*** Exercise inputs ***
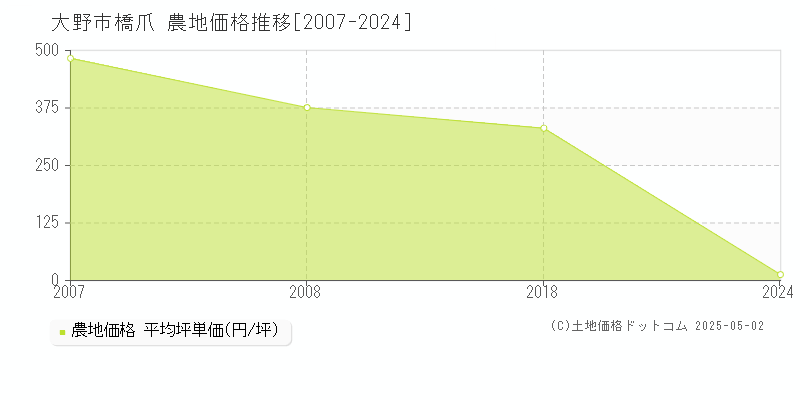 橋爪(大野市)の農地価格推移グラフ(坪単価)[2007-2024年]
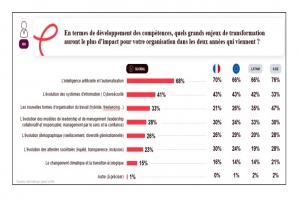 Les salari�s pressent les DRH � cr�er des formations sur l'IA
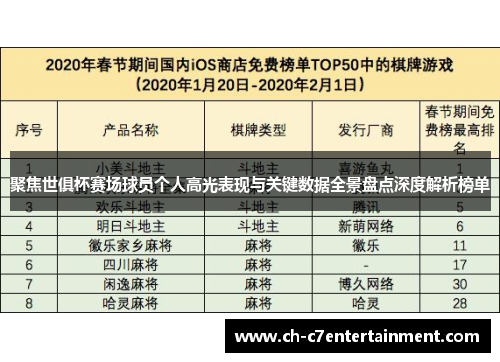 聚焦世俱杯赛场球员个人高光表现与关键数据全景盘点深度解析榜单 聚焦世俱杯赛场球员个人高光表现与关键数据全景盘点深度解析榜单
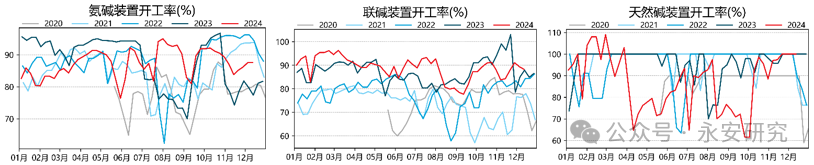数据起原:卓创资讯,永安期货征询院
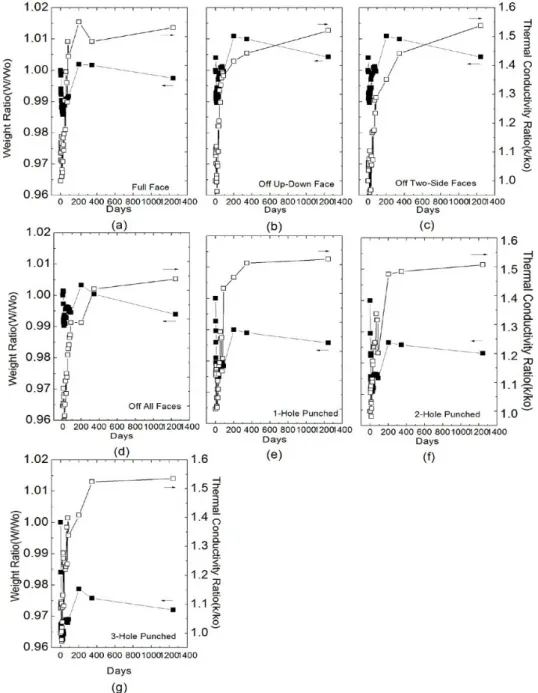 Fig. 3  Experimental result on weight and thermal conductivity ratio with time for 7 different specimen ;(a) full  face, (b) up and down side face-off, (c) two sides face-off, (d) all face-off, (e) 1-Hole punched, (f) 2-  Hole punched, (g) 3-Hole punched.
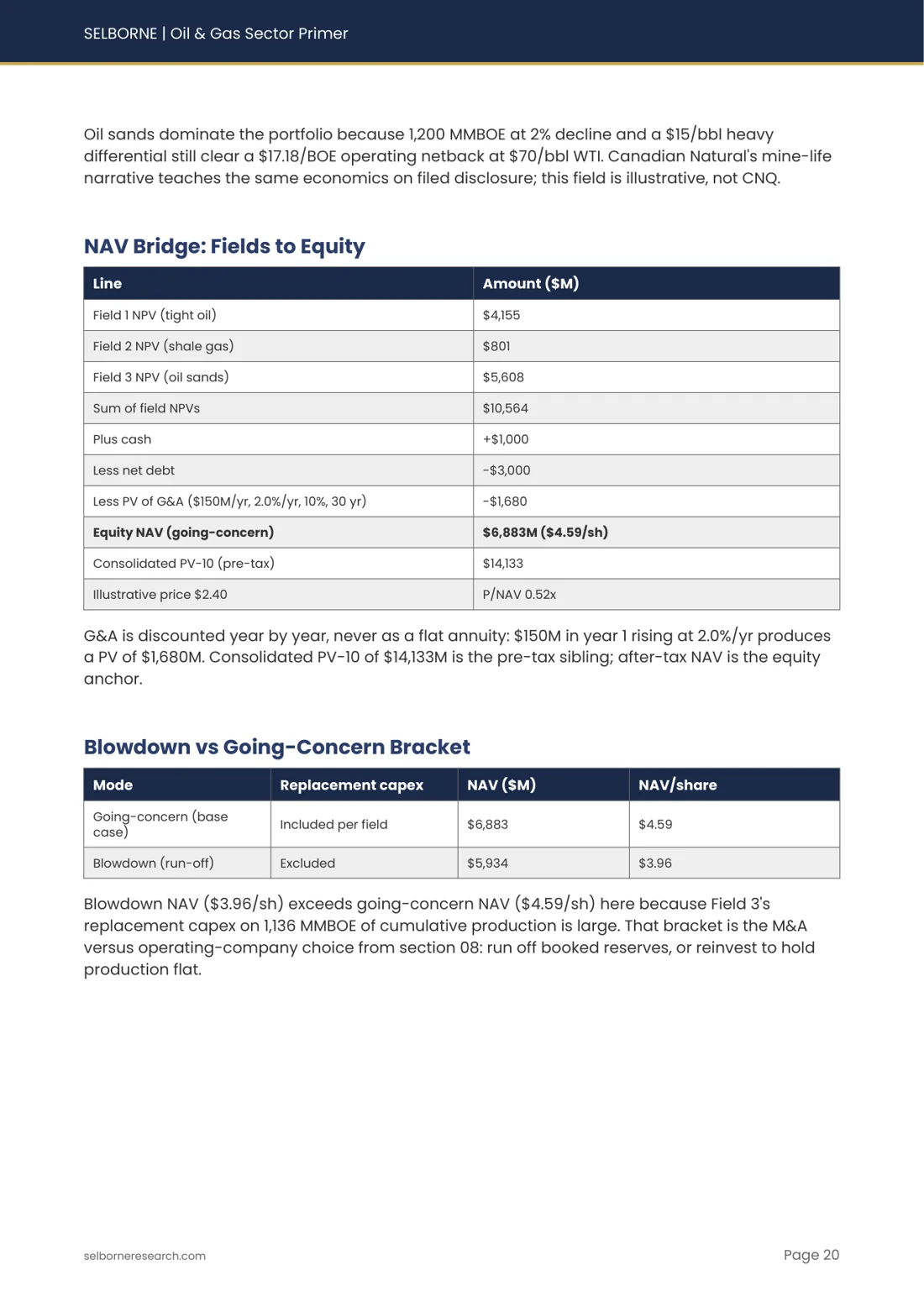 Sample page from the Oil & Gas Sector Primer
*** End of Exercise inputs ***
* _Work instructions_:
Nothing but the lines from the one containing "(g) 3-Hole punched." through the end of the entries is to be retyped, exactly as written and without pictures.

* _Problem solution_:
 Fig. 3  Experimental result on weight and thermal conductivity ratio with time for 7 different specimen ;(a) full  face, (b) up and down side face-off, (c) two sides face-off, (d) all face-off, (e) 1-Hole punched, (f) 2-  Hole punched, (g) 3-Hole punched.
 Sample page from the Oil & Gas Sector Primer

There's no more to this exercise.